After a month without formal backing, Obama's $447 billion jobs proposal will pick up “dozens” of House co-sponsors when the lower chamber returns to Washington from next week's recess, according to the office of House Democratic Caucus Chairman John Larson (Conn.).
The bill – written in the White House and introduced by Larson – wallowed in the House for weeks without winning any co-sponsors, even as Democrats marched to the House floor to call on Republicans to move it.
The absence of any formal backing for what is the central plank of the Democrats' economic agenda hasn't been overlooked by GOP leaders, who have mocked the Democrats for urging a vote on legislation officially endorsed by so few members.
Even some Democratic supporters of the jobs bill have questioned why there hasn’t been a more coordinated push from leadership to get rank-and-file members to attach their names to the bill.
Rep. Raul Grijalva (D-Ariz.), co-chairman of the Congressional Progressive Caucus, said many members have “caveats” of concern over certain provisions in the sweeping bill, but “given a concerted push, many of us would inevitably sign on, even with those caveats.”
“But I haven't seen the concerted push," he added.
Rep. Dale Kildee (D-Mich.) echoed that message, saying party leaders simply haven't brought the issue up. He seemed perplexed as to why.

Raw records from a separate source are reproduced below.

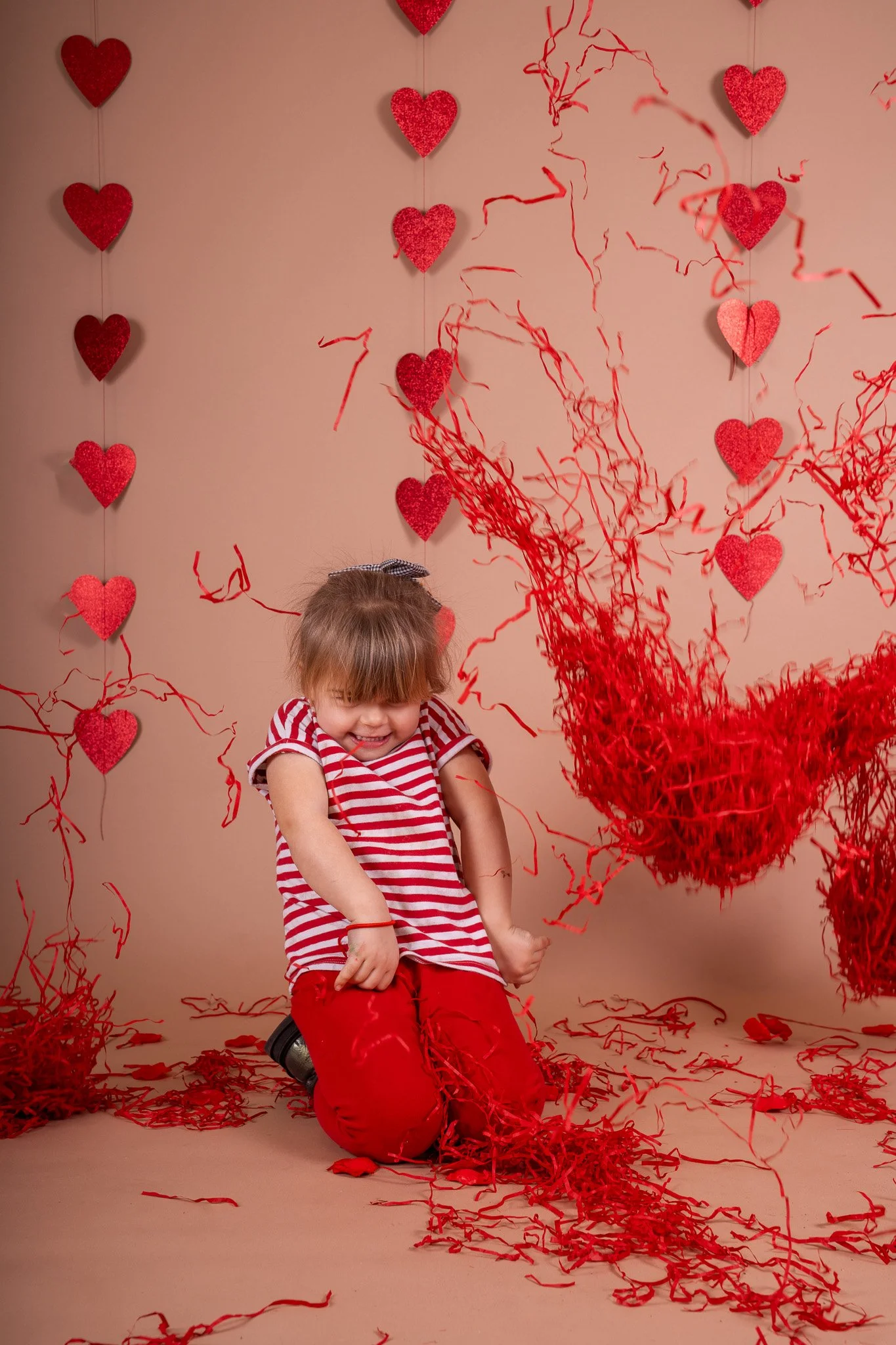 A young girl in a red and white striped shirt and red pants kneeling on the floor with red paper streamers around her, surrounded by Love-themed decorations including red hearts hanging on the wall and red streamers, celebrating Valentine's Day.
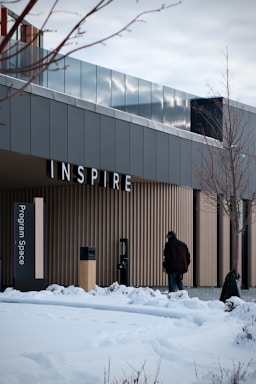 Man walks towards building with "inspire" sign.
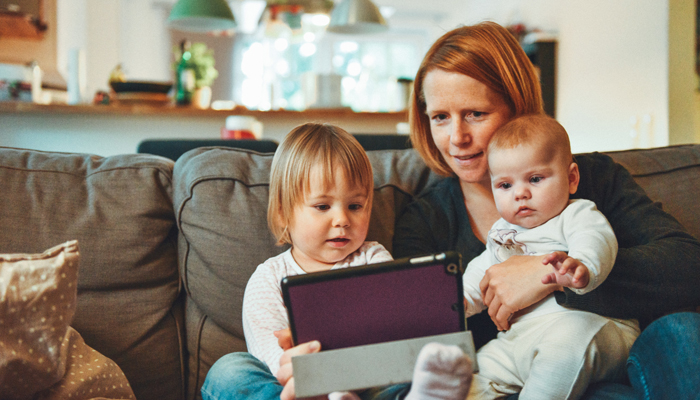 mother reading to children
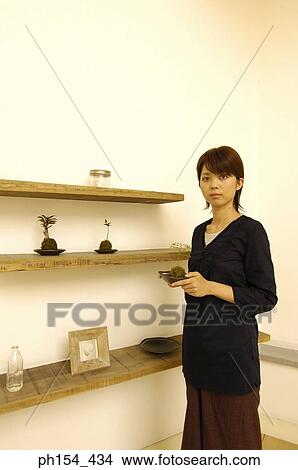 Young woman holding a potted plant View Large Photo Image Picture - Young woman holding a potted plant. Fotosearch
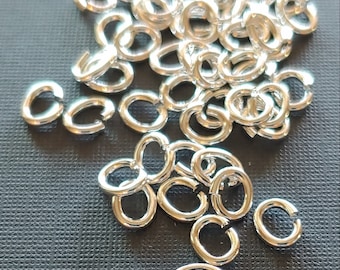 SNAPEEZ® "The Snapping Jump Ring" Silver Oval Jump Ring Hard Open Locking Jump Ring 6x4mm Heavy Gauge. Made in USA.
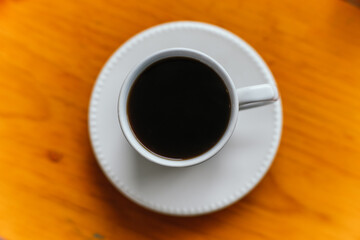 American coffee served in a white cup, freshly ground from the recent harvest.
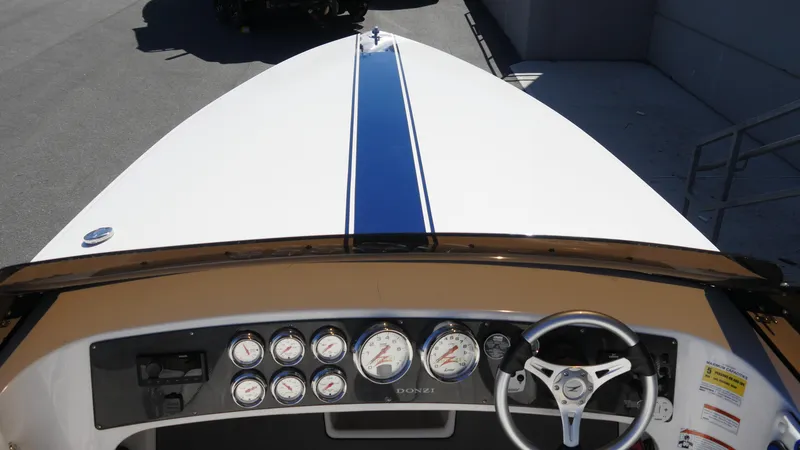 Slide: The Image of 2022 Donzi 22 Classic boat dashboard with gauges and steering wheel, featuring a blue stripe. - 12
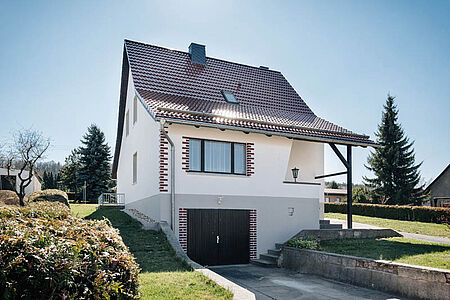 Einfamilienhaus mit hellgrauer Garage im Untergeschoss und frischer, weißer Fassade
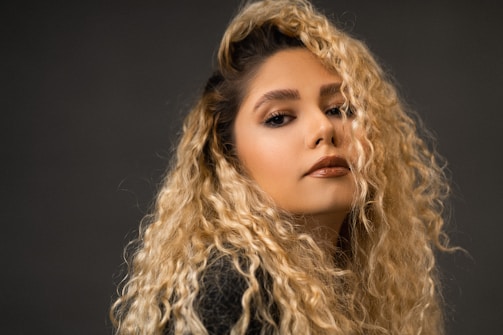 A person with long, curly blonde hair looks confidently towards the camera with a slight smile. The lighting is soft, highlighting their facial features and the texture of their hair. The background is a neutral dark tone, bringing focus to the subject.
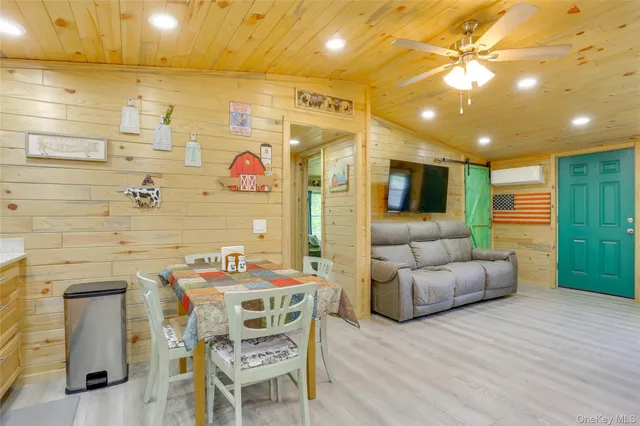 a dinning room with furniture and a flat screen tv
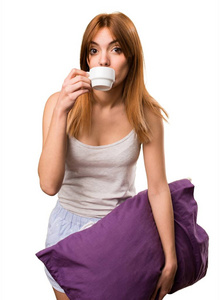 美丽的女孩穿着睡衣捧着一杯咖啡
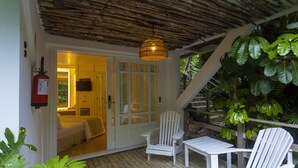 Une terrasse en bois avec des chaises blanches, une lampe suspendue et une porte donnant sur une pièce où se trouvent un lit et un téléviseur.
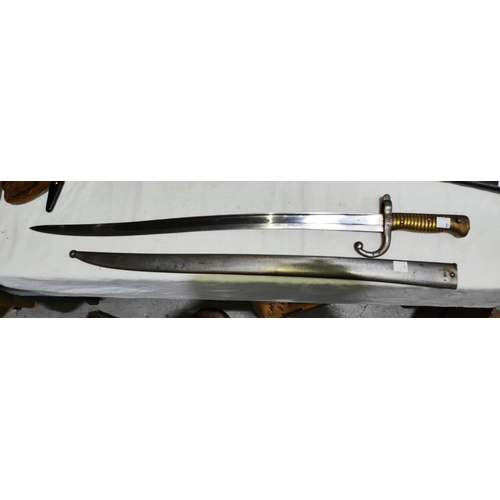 378A - A French model 1866 Chassepot sword bayonet with ribbed brass handle and scabbard numbered F21971, b... 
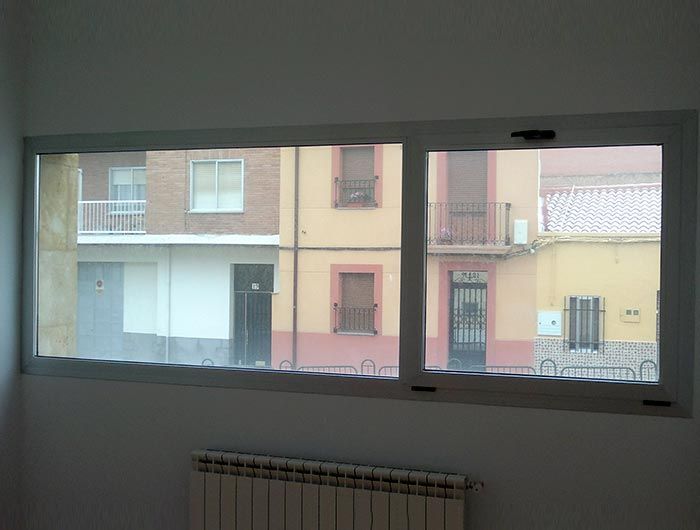 Una habitación con radiador y ventana con vistas a los edificios.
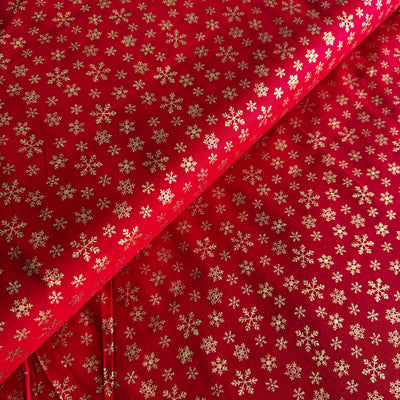 John Louden Christmas Gold Snowflakes on Red Cotton Fabric at Bibelot Leek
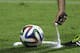 A referee uses vanishing spray during a referee's training session in Rio de Janeiro, Brazil, Friday, June 6, 2014. Referees will use vanishing spray during 2014 World Cup to stop defensive walls creeping forward at free-kicks. The international soccer tournament is set to begin in a few days, with Brazil and Croatia competing in the opening match on June 12. (AP Photo/Hassan Ammar)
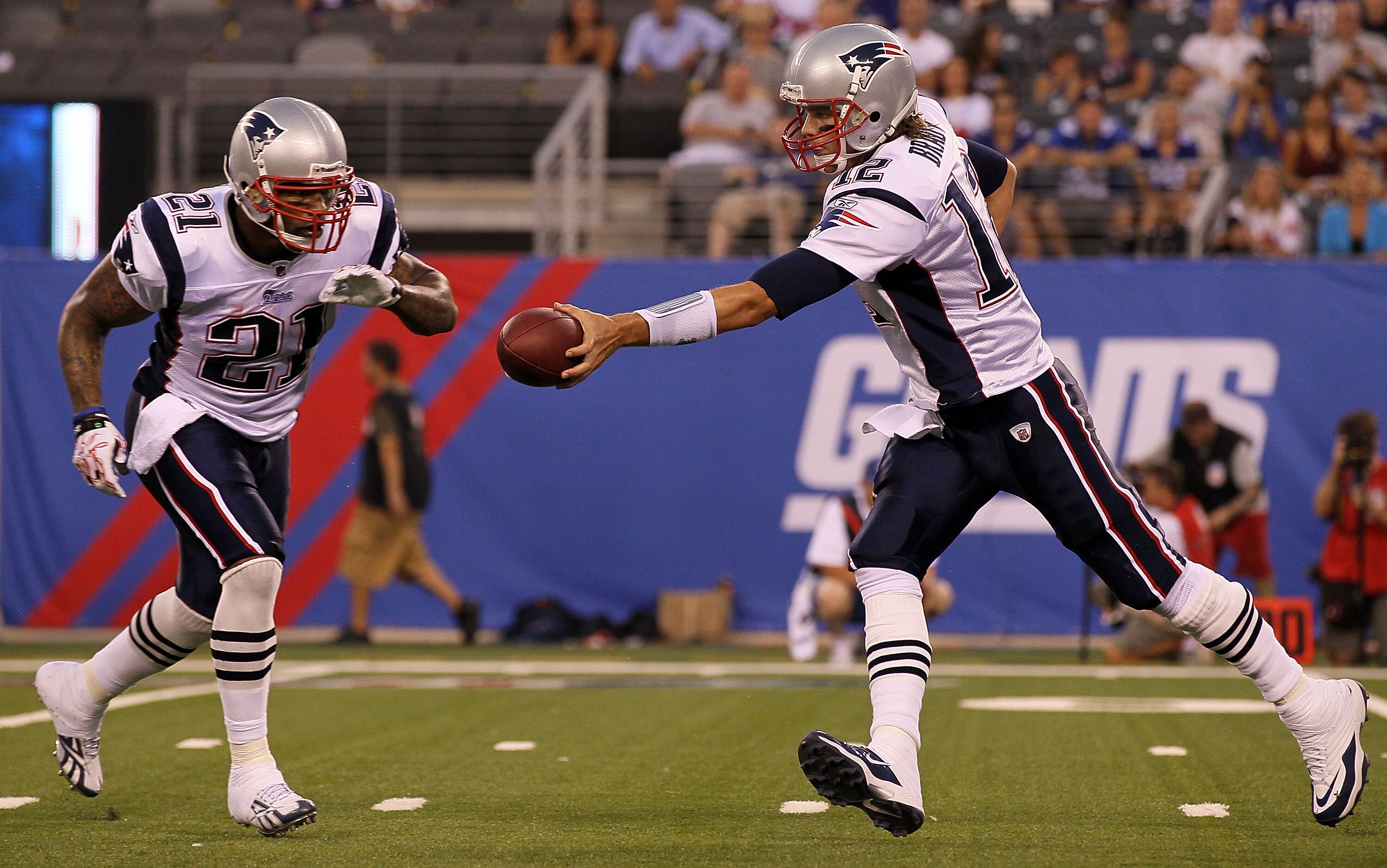 EAST RUTHERFORD, NJ - SEPTEMBER 02:  Tom Brady #12 of the New England Patriots hands off the ball against the New York Giants to teammate Fred Taylor #21 on September 2, 2010 at the New Meadowlands Stadium in East Rutherford, New Jersey.  (Photo by Jim Mc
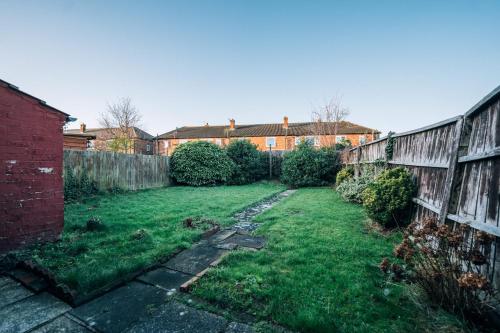 a yard with a fence and green grass at Tranmere House Workstays UK Best Rates Direct in Middlesbrough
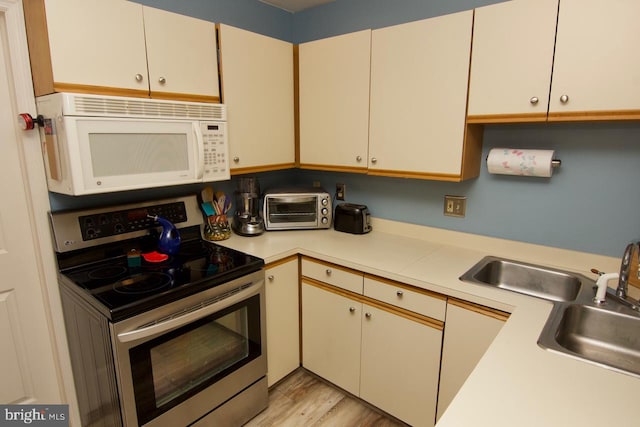 kitchen with light hardwood / wood-style flooring and electric range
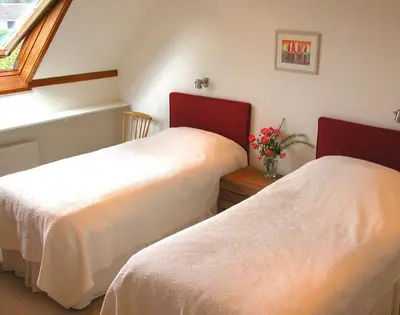 a bedroom with two beds and a vase of flowers on a table at Rosevallen in Polzeath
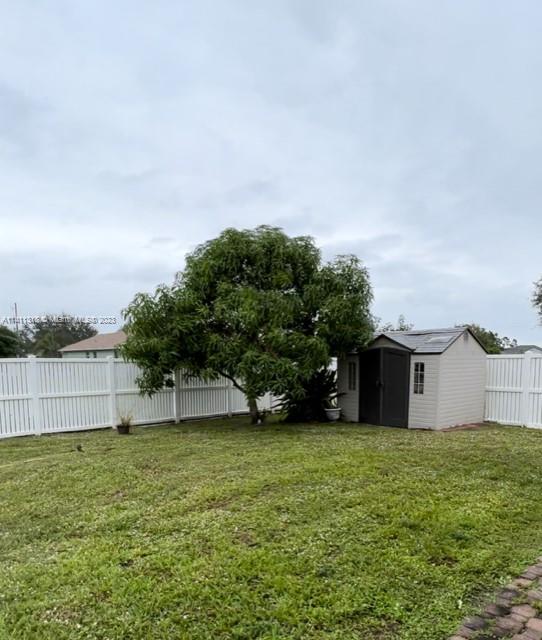 4292 Southwest Paley Road Port St. Lucie, FL 34953 - Photo 20 of 21 a view of a house with a yard and sitting area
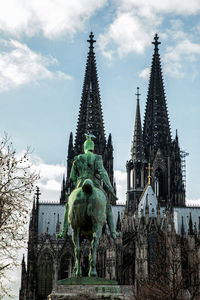 Low angle view of statue against buildings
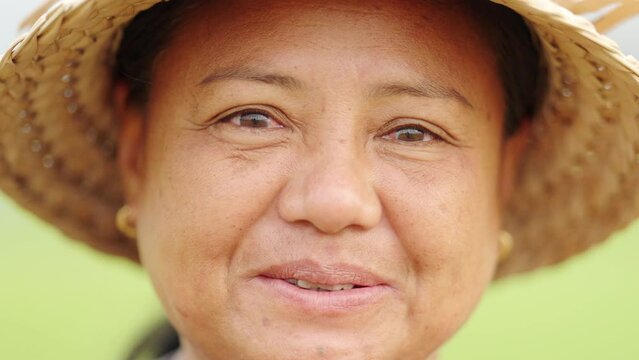 Closeup, middle-aged asian woman with genuine, authentic, and radiant smile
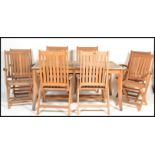A large good quality garden patio teak dining table and chairs suite from the Chilworth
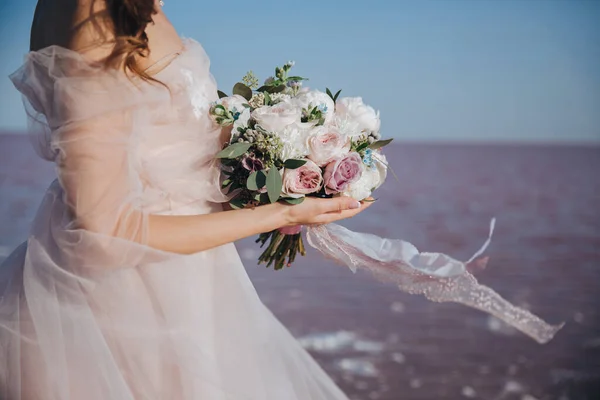 Gyengéd menyasszony elefántcsont menyasszonyi ruhában a tengerparton, a csokorral a kezében a tenger hátterében. Visszanézés. — Stock Fotó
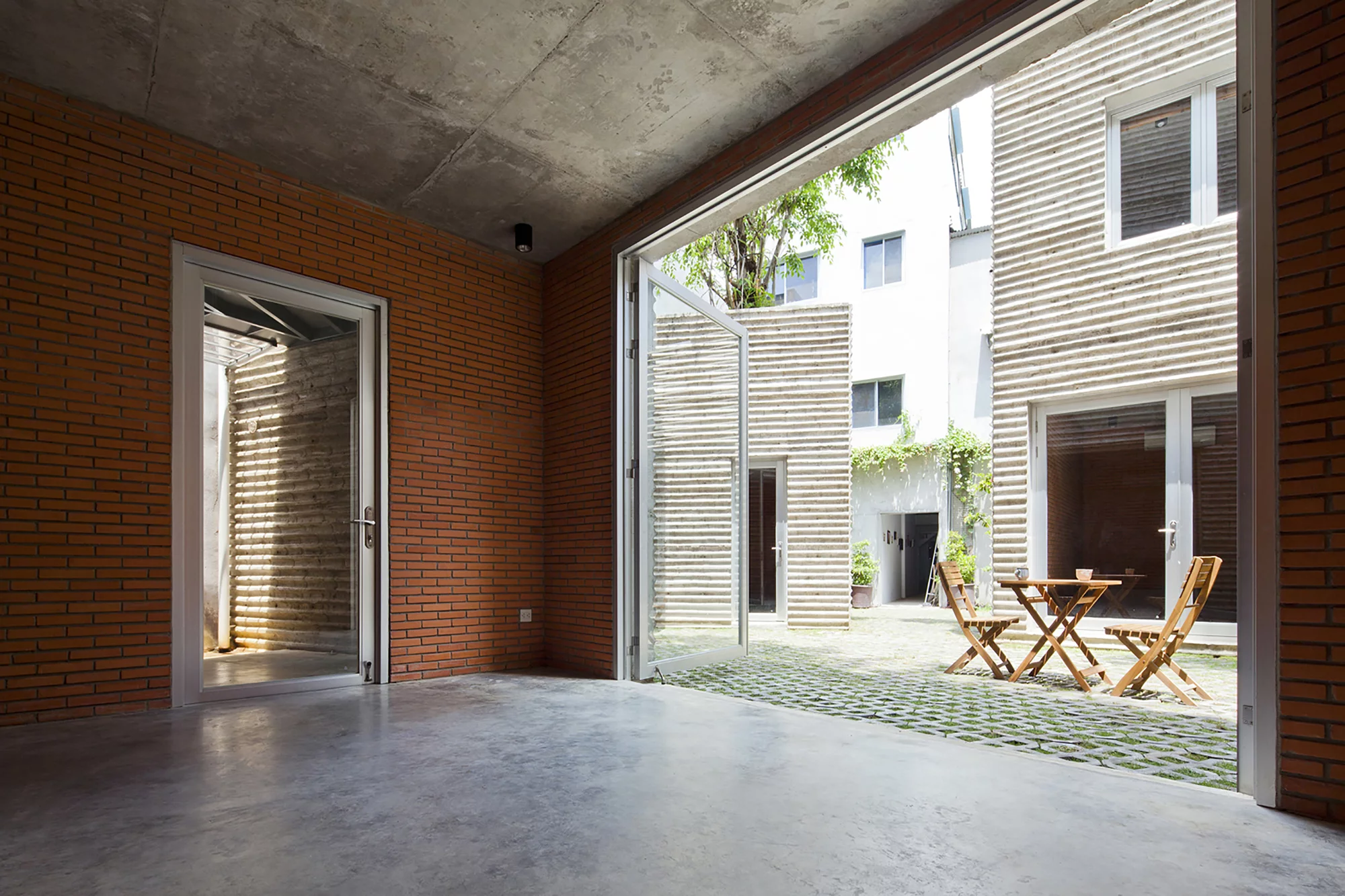 The interior of the home is split into common spaces at street level, with private rooms upstairs (Photo: Hiroyuki Oki)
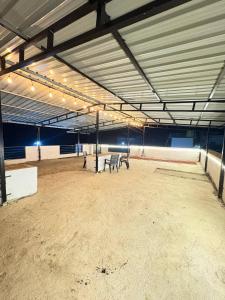 a large empty arena with two benches in it at Kiyanshi Farm in Murbād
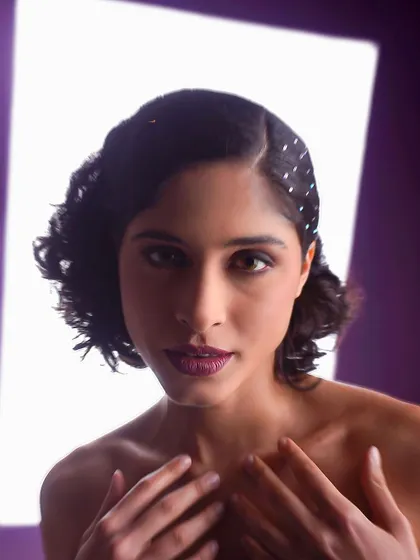 Using a white panel to bounce and shape the light, creating a frame-within-a-frame effect for this retro-styled headshot.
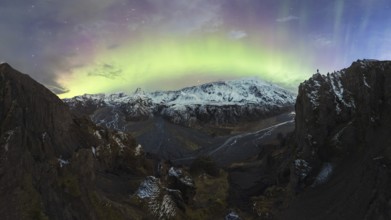 Breathtaking view of the Northern Lights illuminating the sky above a snow-covered mountain range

“There must be a reason,” Kildee said. “You have to work to get zero [co-sponsors].”
The bill as written does not include the 5.6 percent surtax on income above $1 million that the Senate added to its version of the bill last week. The surtax replaced Obama’s initial tax proposal, which would mainly have raised taxes on individuals with income above $200,000 and families with income above $250,000.
With the surtax proposal, the bill if anything is likely to be more popular with Democrats.
Democratic leaders have defended the lack of official support, noting that many members have either issued public statements endorsing Obama’s jobs bill or they’ve gone to the floor to voice their support.
Democrats said party leaders haven’t focused on co-sponsorship because the bill was authored by the White House – an unusual circumstance, they argued, which should have stream-lined the proposal for floor consideration without official endorsements.
“The purpose was to have the bill introduced, to have it considered,” Larson spokesman Ellis Brachman said, “not to have co-sponsors.”
Brachman said Larson has been collecting “dozens” of signatures from Democrats who have approached the Caucus in hopes of co-sponsoring the jobs package. Those endorsements will be added, he said, when the House returns from next week's recess.
Once members do co-sponsor the legislation, however, it will highlight which Democrats have not co-sponsored the bill as well. And that could lea to questions, particularly for vulnerable members.
Rep. Chris Van Hollen (Md.), senior Democrat on the Budget Committee, predicted the Democratic support for the proposal will be sweeping.
“I'm confident that it will pick up co-sponsors – lots of 'em,” he said. “Sign me up.”
Yet Democrat leaders are not actively chasing endorsements, relying instead on rank-and-file members to come to them – a dynamic that could hamper the number of Democrats who ultimately sign on.
Pelosi and Hoyer signed on to the bill days after The Hill began asking members why more Democrats weren’t signing on as co-sponsors.
Rep. Shiela Jackson Lee (D-Texas), another supporter of Obama’s jobs bill, said the fact that the proposal was introduced by the chairman of the Democratic Caucus is a tacit indication that most Democrats support the measure. But a nudge from leadership, she suggested, would attract more support.
“If they said go down and put your name on it, we'd go down there like we had wings,” she said.
Although the Senate shot down a similar proposal this week, House Democratic leaders are still urging the Republican majority to bring Obama’s bill to the floor.
Republicans have seized on the Senate vote and the lack of Democratic co-sponsors to argue that Obama’s bill isn’t a serious proposal.
“We see in the House as well, as of last week, the chief sponsor of the president’s bill put the bill in ‘by request,’ which does not indicate a wholehearted support of the bill,” House Majority Leader Eric CantorEric CantorRyan reelected Speaker in near-unanimous GOP vote Financial technology rules are set to change in the Trump era Trump allies warn: No compromise on immigration MORE (R-Va.) said this week. “At the end of last week there weren’t any Democratic co-sponsors of the President’s bill.”
Democratic leaders dispute those charges, arguing that the attacks are “nothing more than an attempt by Republicans to distract from their lack of a jobs plan,” in the words of another senior Democratic aide.
“Dozens and dozens of House Democrats stood on the steps of the capitol at a press conference in support of the bill, the Caucus’ three top leaders are all cosponsors of the measure and many other House Democrats have either issued statements of support or appeared at events with the president touting the American Jobs Act,” the aide said in an email, downplaying the significance of the endorsement issue.
Still, with public polls showing widespread support for Obama’s jobs plan, Democrats like Grijalva are wondering why party leaders haven’t been more aggressive in rallying rank-and-file members as a show of unified support for the package.
“It's a very good question,” Grijalva said.